Wherever else they come from, Shade and Kinbote indubitably sprout from the airy imagination of VN. [Are you, CHW,implying that VN's characters are all mirror images of VN, with no other clear voice?]. No, I'm not saying that S and K are mirror images of VN, but they are both his creatures and his products. As you rightly observe.
 

And, as imagination bodies forth
The forms of things unknown, the poet's pen
Turns them to shapes, and gives to airy nothing
A local habitation and a name.

 
MND: thus Shake says. He was anticipating Kinbote, if not Conmal.

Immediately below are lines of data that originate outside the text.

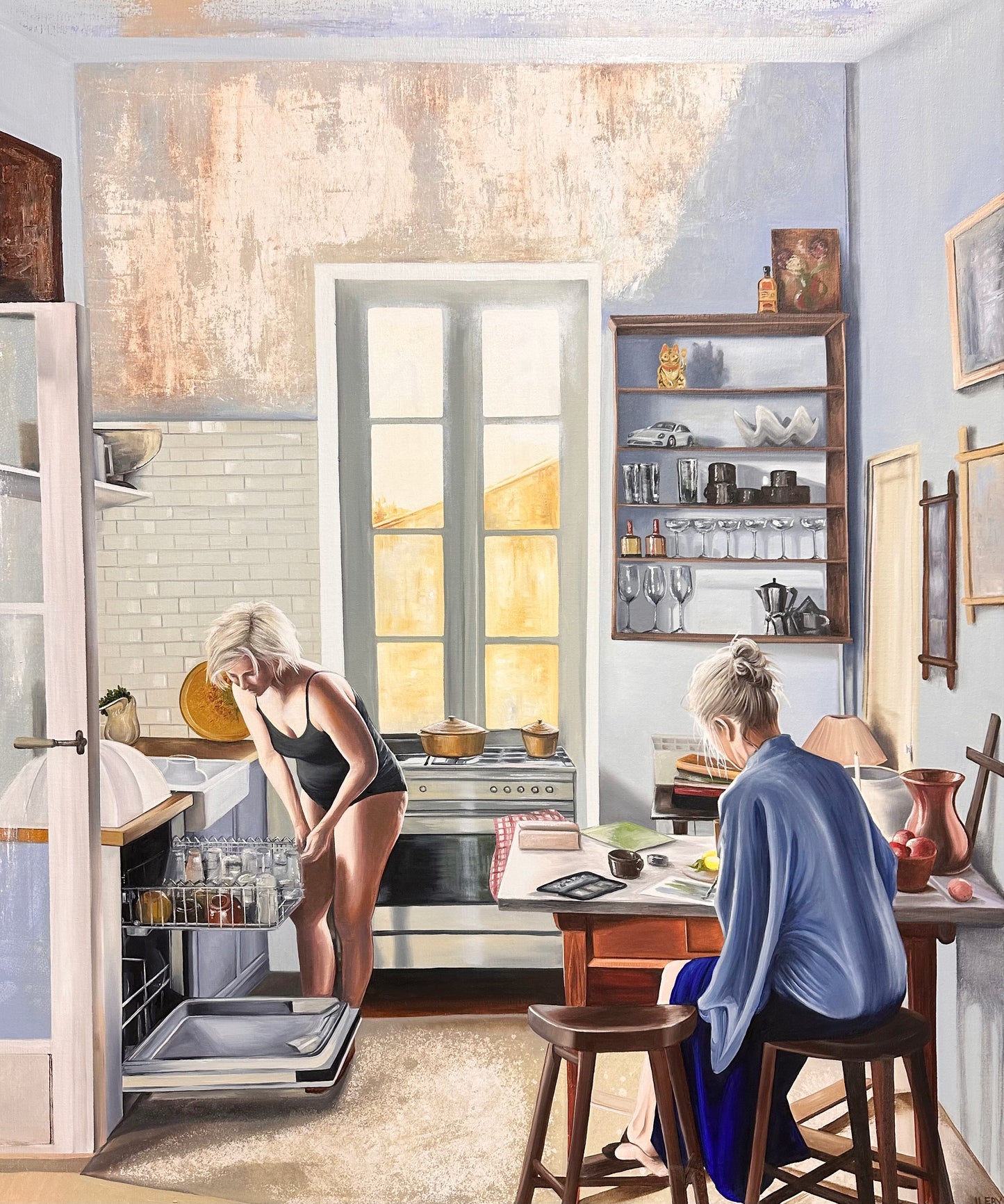 Köket - Konsttryck
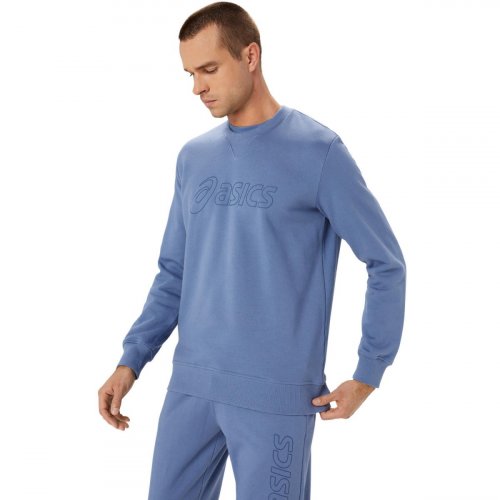 Свитшот ASICS SWEATSHIRT чол. синій M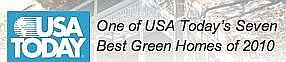 USA Today's Best Green Home of 2010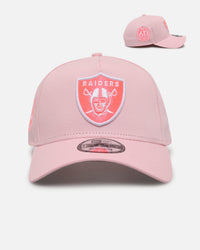 New Era Las Vegas Raiders 'Polychromatic' 9FORTY A-Frame Snapback Pink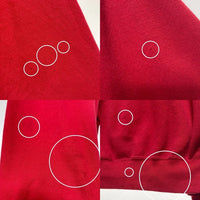 JERZEES ジャージーズ USA製 テディベア プリント スウェットトレーナー レッド sizeXL 瑞穂店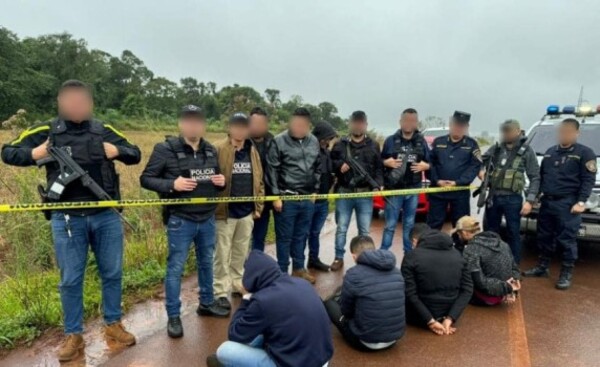 Piden prisión para cuatro miembros de una banda de asaltantes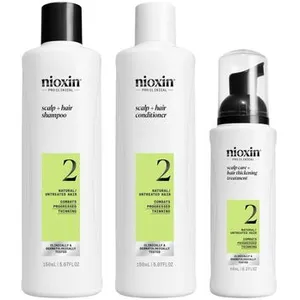 Comparateur de prix : Nioxin System 2 coffret cadeau pour cheveux en perte de densité 3 pcs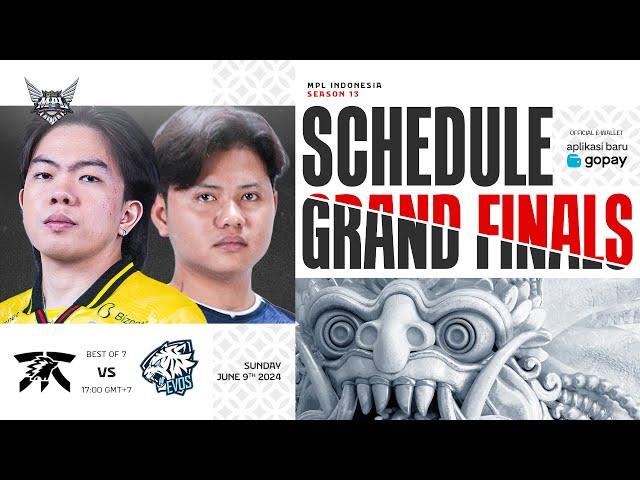 MPL ID S13 PLAYOFFS | FNOC vs EVOS | Grand Finals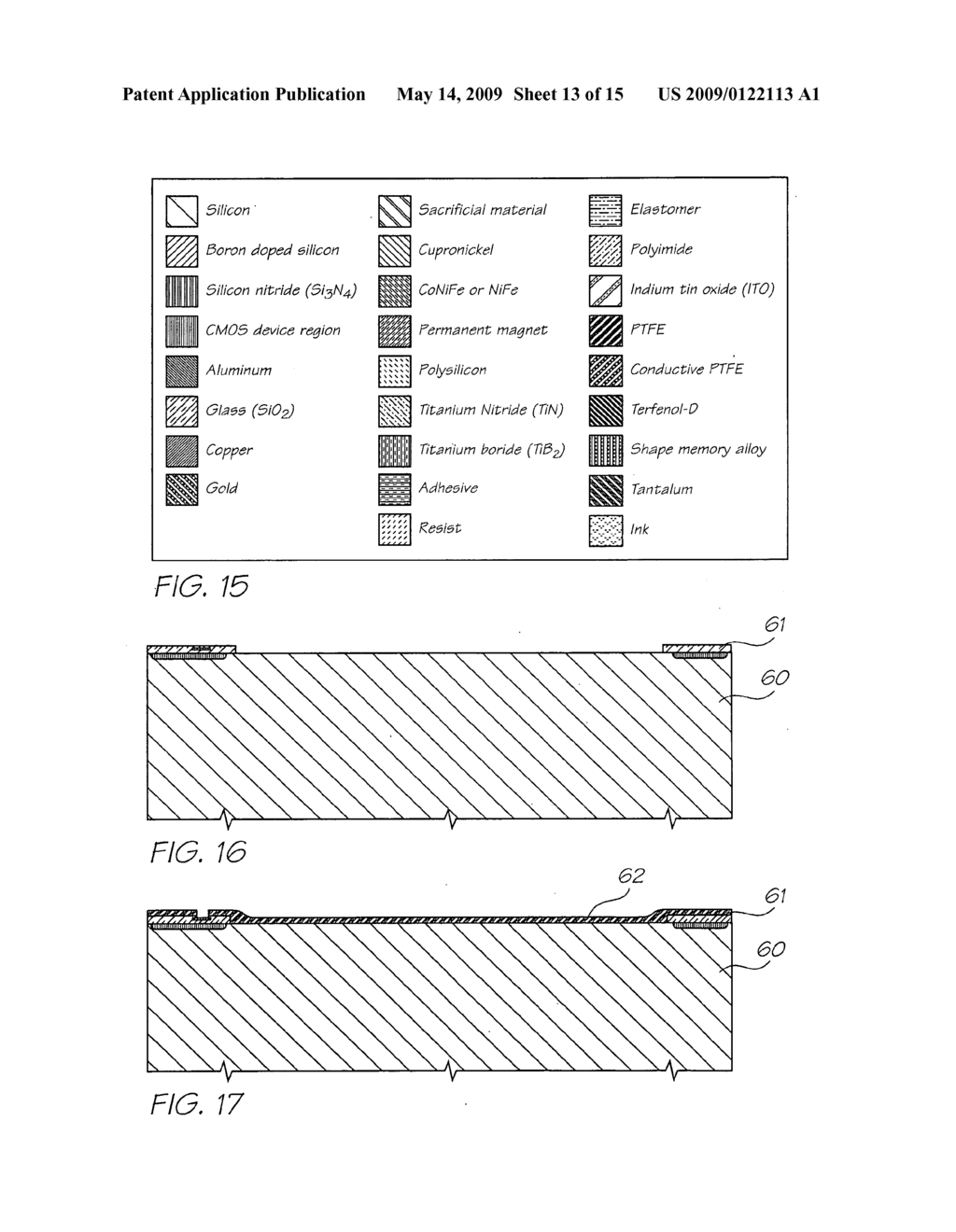 Printhead Having Nozzle Arrangements With Radial Actuators - diagram, schematic, and image 14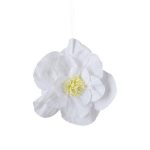 Wikholm Everly White Flower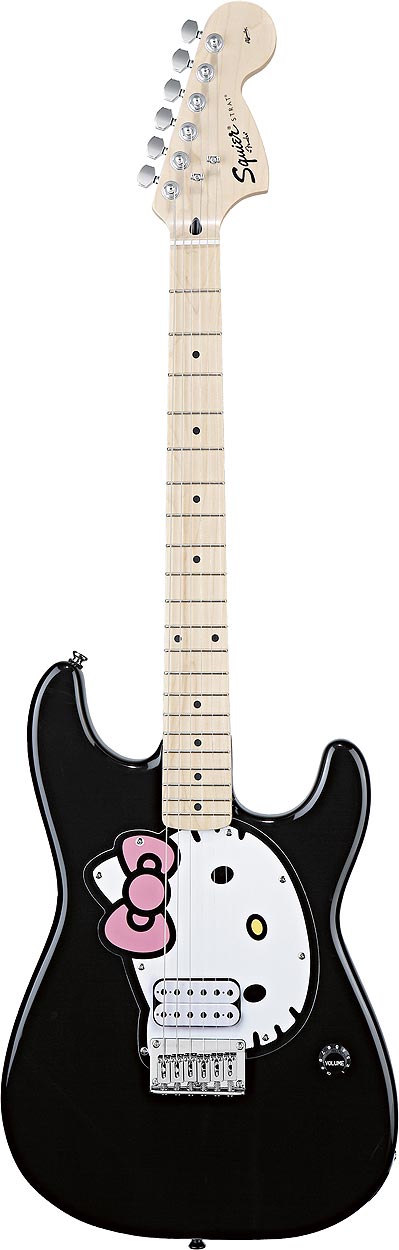 Fender HELLO KITTY キティちゃん サンリオ ギターストラップ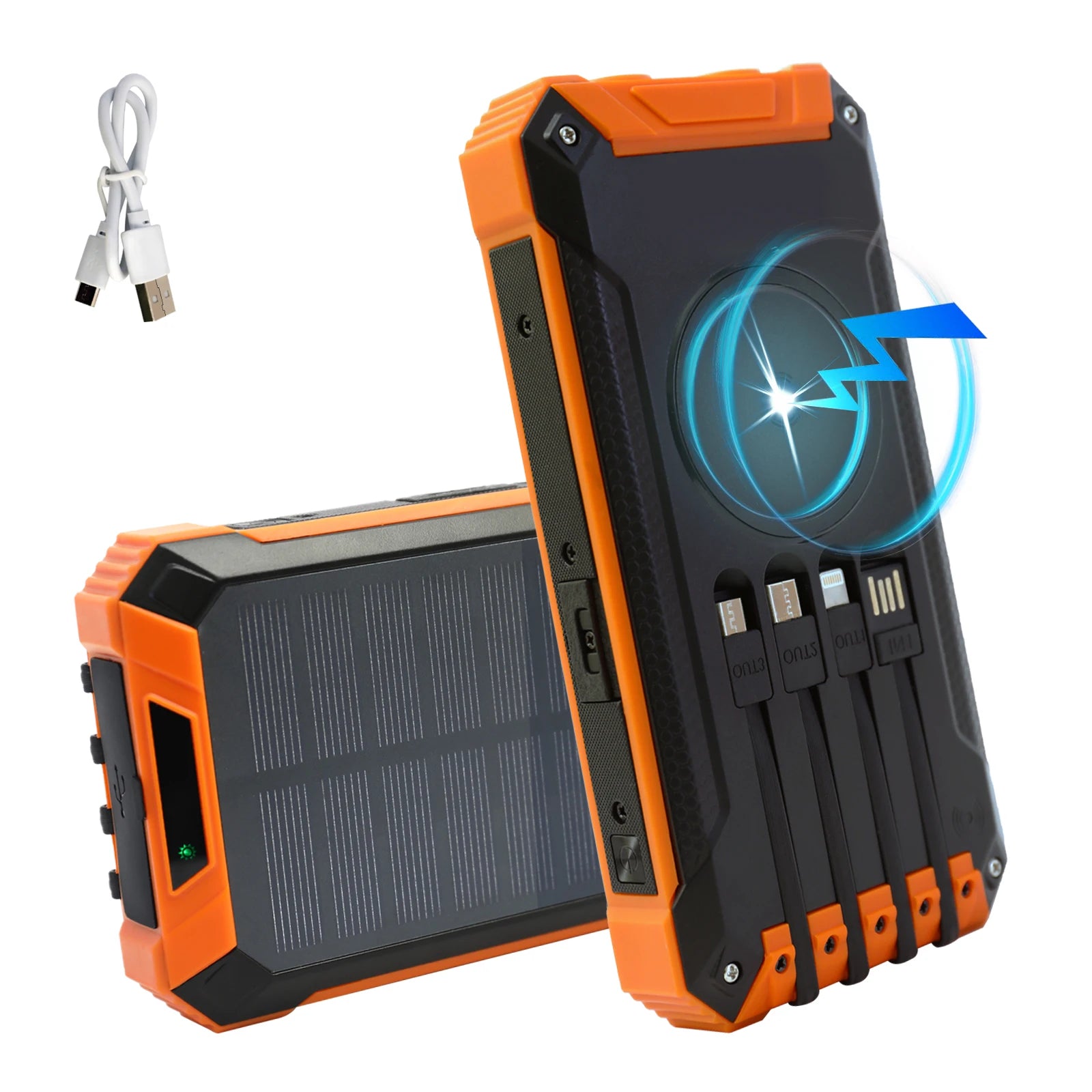 Portable Solar Power Bank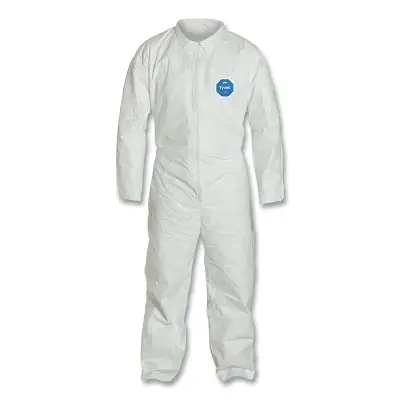 DUPONT TY120SWH5X002500 Tyvek 400 Coverall 5X-Large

[I gather that the accusation of  plagiarism applies to Carlyle, not to the other authors who used it. I was curious about VN's reading: would he have been familiar with Carlyle?] "Plagiarism" was, OTT if you will, a joke.  Yes, it's a commonplace thought. Why, in English, does womb rhyme with tomb? I really don't know if VN read Carlyle or Bartlett --- probably. He seems to have read everybody.
 
[Schopenhauer was not another Will so... is the name Arthur also used euphemistically?] Schopenhauer wrote The World as Will and Idea, 1818. See W.Wallace, no relation, Schopenhauer, 1890. 
 
Partridge wrote Shakespeare's Bawdy. A sudden thought: does that apostrophe s indicate a genitive or an elision?
 
Another thought: the delightful and affectionate account of the life, career and poetic offerings of Edsel Ford, The Ozarks Poet, here, as posted earlier:
 
 http://www.rogersarkansas.com/museum/donationOfTheMonth/01-05.asp 
 
which I have just been reading more attentively, persuades me Ford was, indeed, very much in VN's mind at the time he was bodying forth Pale Fire. I do wonder if VN knew about Hank Spruce, Ford's close friend.
 
Nothing succeeds like indefatigable industry. There are ants and there are grasshoppers. There are hares and there are tortoises. We all know who wins in the end. Hell, the tortoise even beat Achilles. As a pun, "tortoise" and "taught us" seems to me somewhat to equate with "Ada or Ardo(u)r".
 
But I must suppress all these burrs. Apologies to all those who feel annoyed.